I’ve been going out a lot lately (funny when that’s my passion) and not surprisingly, my general catch ups with everyone has revolved around food which, I have found is awesome for doing a little bit of recon to see what everyone is doing in the food industry.
When I go to a restaurant or café, I love to see the places we frequent grow and become more creative in their meal choices as the clients become bolder and more educated in their food choices. While some places have been pushing the boundaries, some other restaurants and cafes have been taking an old favourite recipe and perfecting each dish to grow their reputation instead.
One thing I have noticed is how much the humble mousse has come back into foodie fashion this year, a month ago I visited friends and family in Brisbane and I was happy to see that most of the menus had their own twist on the traditional moreish mousse. I have also seen it coming into foodie fashion back home in Perth where I’m finding it more and more on the menus as well. It might not always be the star on the dish but its creeping back more and more even as an accompaniment to the hero (or star) on the plate.

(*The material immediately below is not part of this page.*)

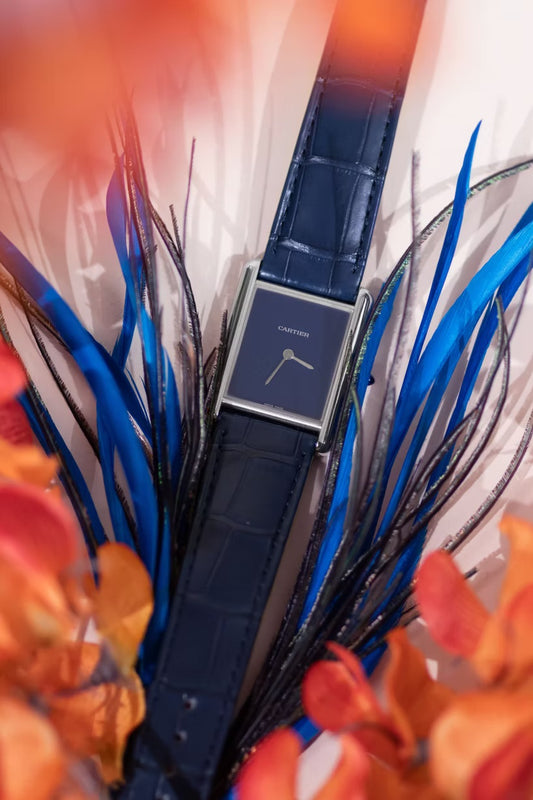 Cartier Tank Must De Cartier Alligator 25mm Watch in Blue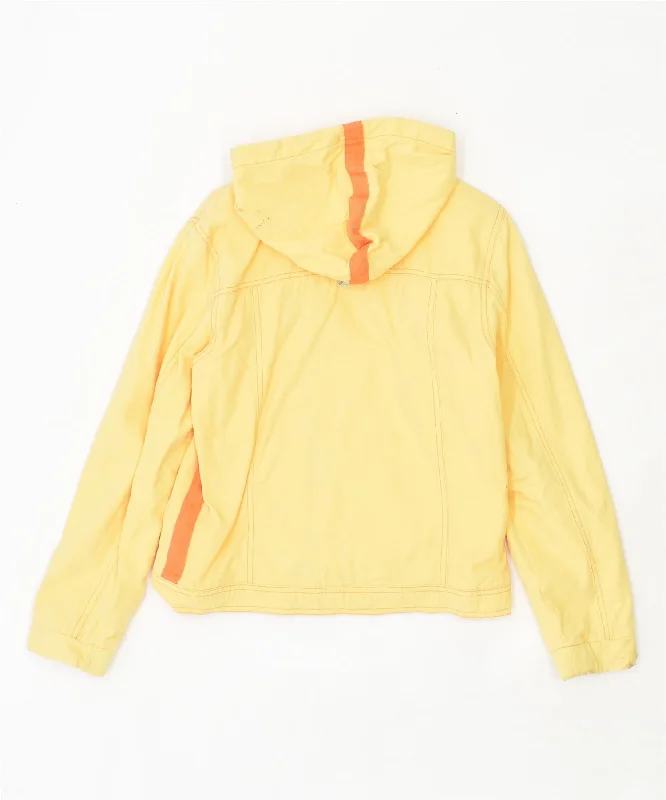 men's winter-ready jackets -CHAMPION Boys Hooded Windbreaker Jacket 13-14 Years XL Yellow Cotton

This is music to my ears as mousse has to be hands down one of my favourite items on a menu. Even though most of the times we can see mousse on the menu as a dessert, it can also be incorporated into savoury dishes. The great thing about mousse is that its like goldie locks and the 3 bears story. You can have it in a number of different ways, thick, fluffy, sweet, savoury and for most people, they can find a mousse that is (and I quote) “just right”.
This classic item brings back nostalgic memories and as a result whenever I see mousse on a menu, it creates a feeling of wonderment in a dish and I can’t help but get excited by the prospect of what it might be.
As a child, when I went out to dinner with the family, this was the dessert I got when I was really good. It was a treat and to this day, it still feels like a special meal that I will only have if I discover it on a restaurant menu and the connection between my life long memories and food is why I am a passionate foodie.